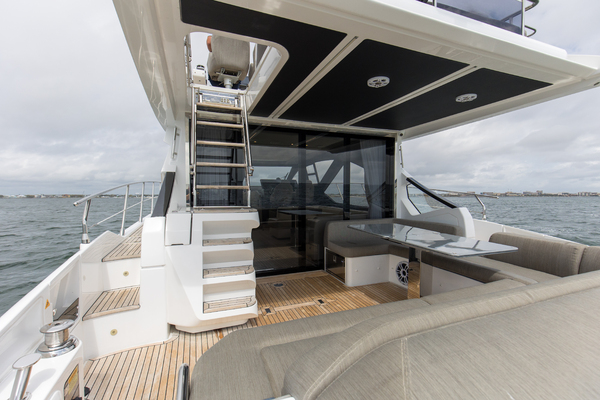 60ft Azimut Yacht For Sale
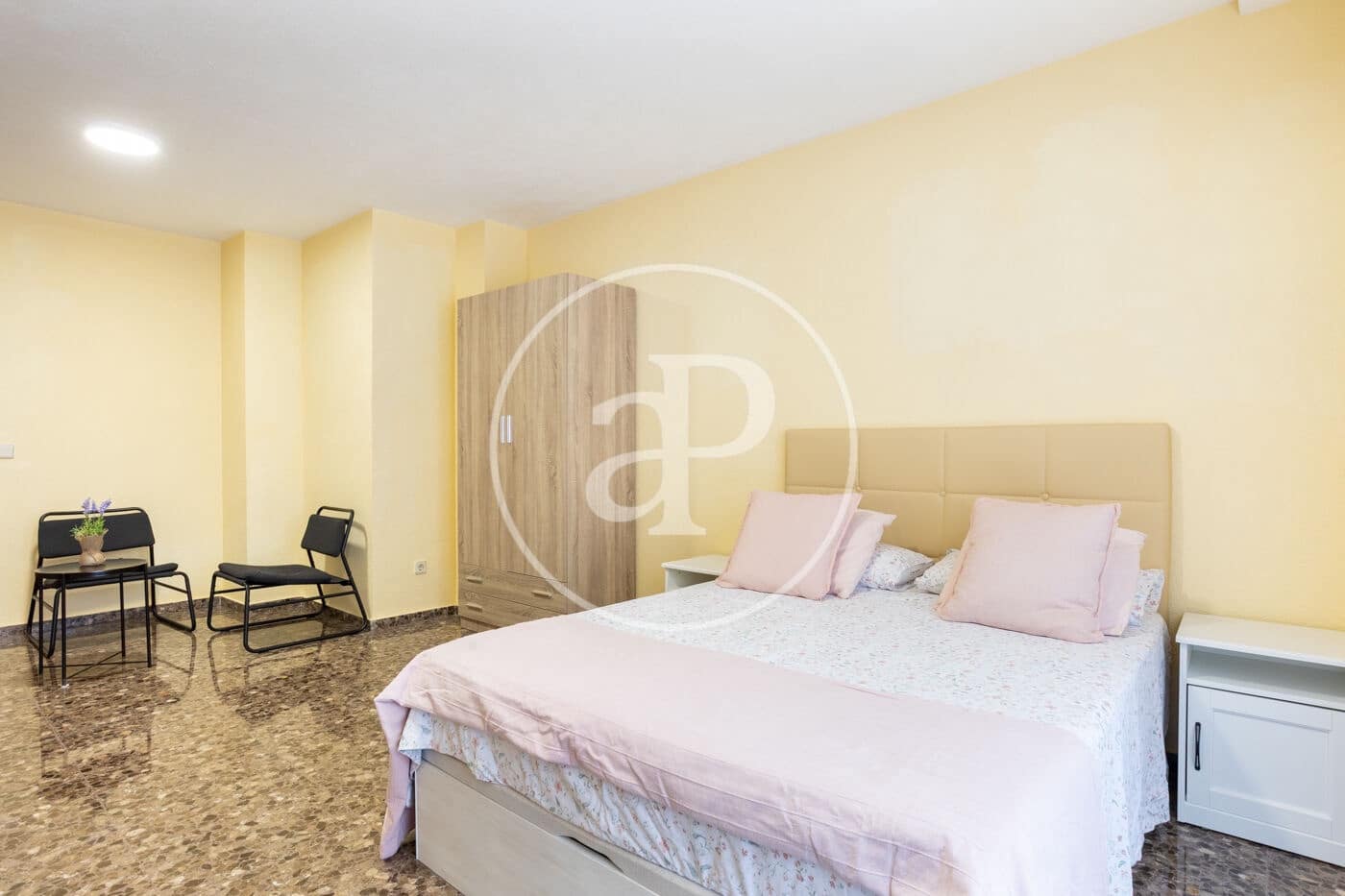 4 slaapkamer Appartement te huur in Valencia stad - € 1.800 (Ref: 9051368)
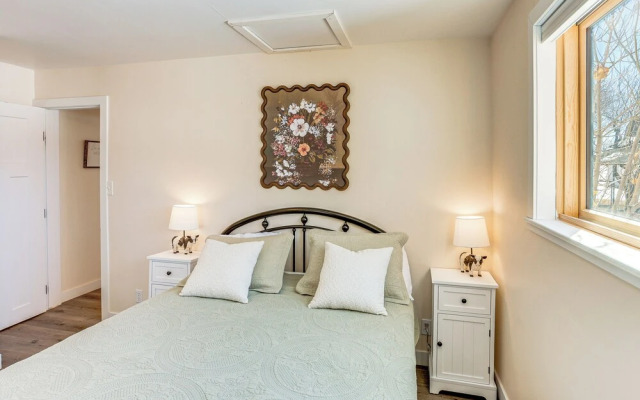 Patio & Mountain Views: Farmhouse in Mancos!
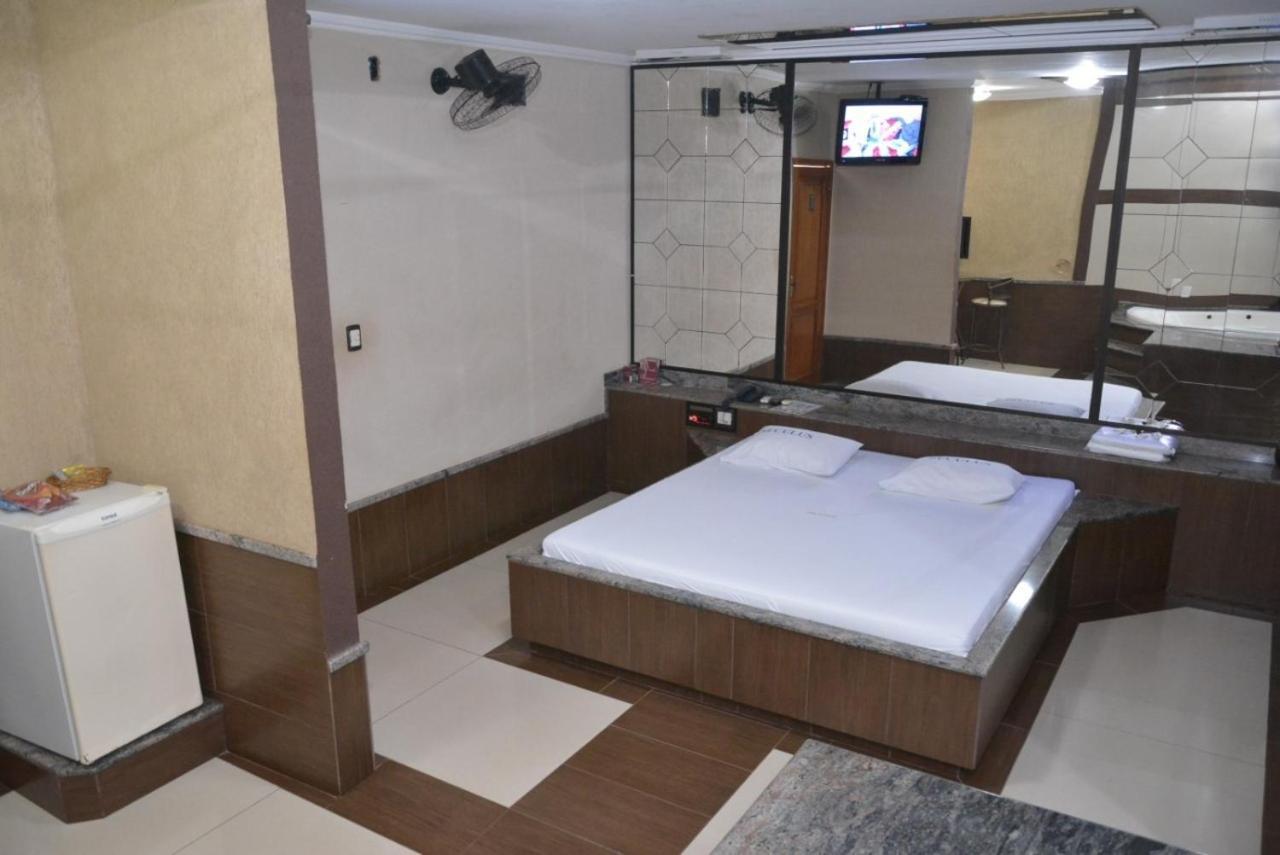 Motel Seculus 巴雷图斯 外观 照片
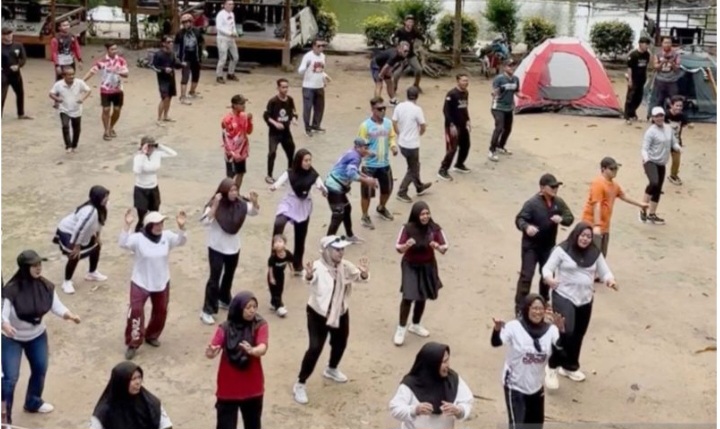 berkemah dan olahraga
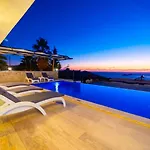 Luxury 4-bedroom Sea View With Private Pool In Villa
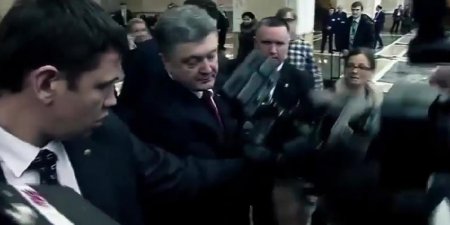 Как Порошенко в Минске показал хорошие манеры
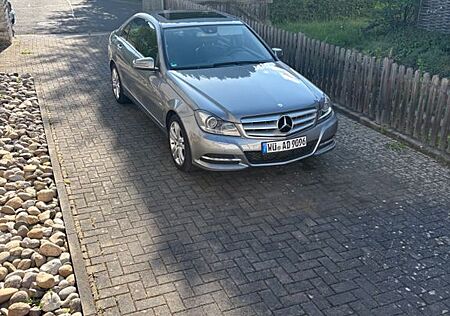 Mercedes-Benz C 220 C220 CDI BlueEFFICIENCY Avantgarde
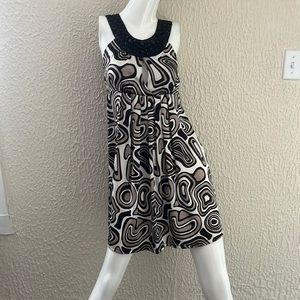 🏵️2/$14🏵️ Kool Hearts dress
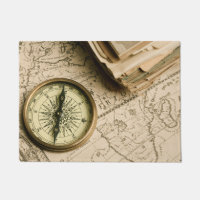 Compasso velho sobre o mapa antigo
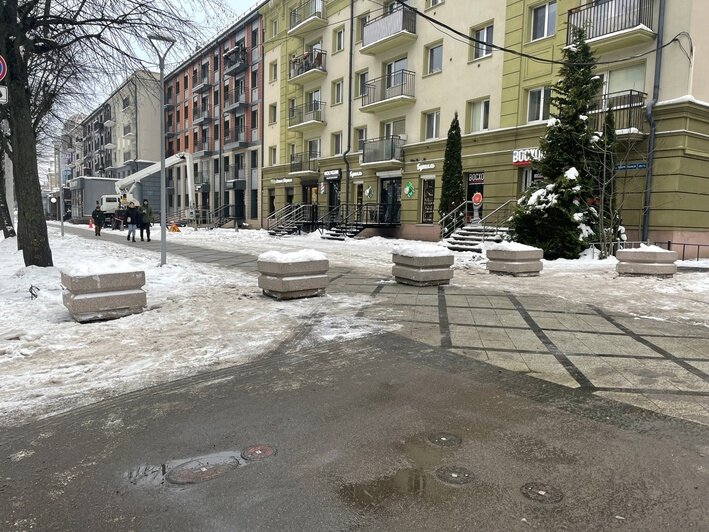 «Общаться с автомобилистами бесполезно»: на Театральной тротуар загородили от машин (фото) - Новости Калининграда | Фото: Денис Шелеметьев / «Клопс»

#### Exercise objective
Transcribe each record exactly as it stands, setting aside any pictures.

#### Task output
 60ft Azimut Yacht For Sale
 4 slaapkamer Appartement te huur in Valencia stad - € 1.800 (Ref: 9051368)
 Patio & Mountain Views: Farmhouse in Mancos!
 Motel Seculus 巴雷图斯 外观 照片
 berkemah dan olahraga
 Luxury 4-bedroom Sea View With Private Pool In Villa
 Как Порошенко в Минске показал хорошие манеры
 Mercedes-Benz C 220 C220 CDI BlueEFFICIENCY Avantgarde
 🏵️2/$14🏵️ Kool Hearts dress
 Compasso velho sobre o mapa antigo
 «Общаться с автомобилистами бесполезно»: на Театральной тротуар загородили от машин (фото) - Новости Калининграда | Фото: Денис Шелеметьев / «Клопс»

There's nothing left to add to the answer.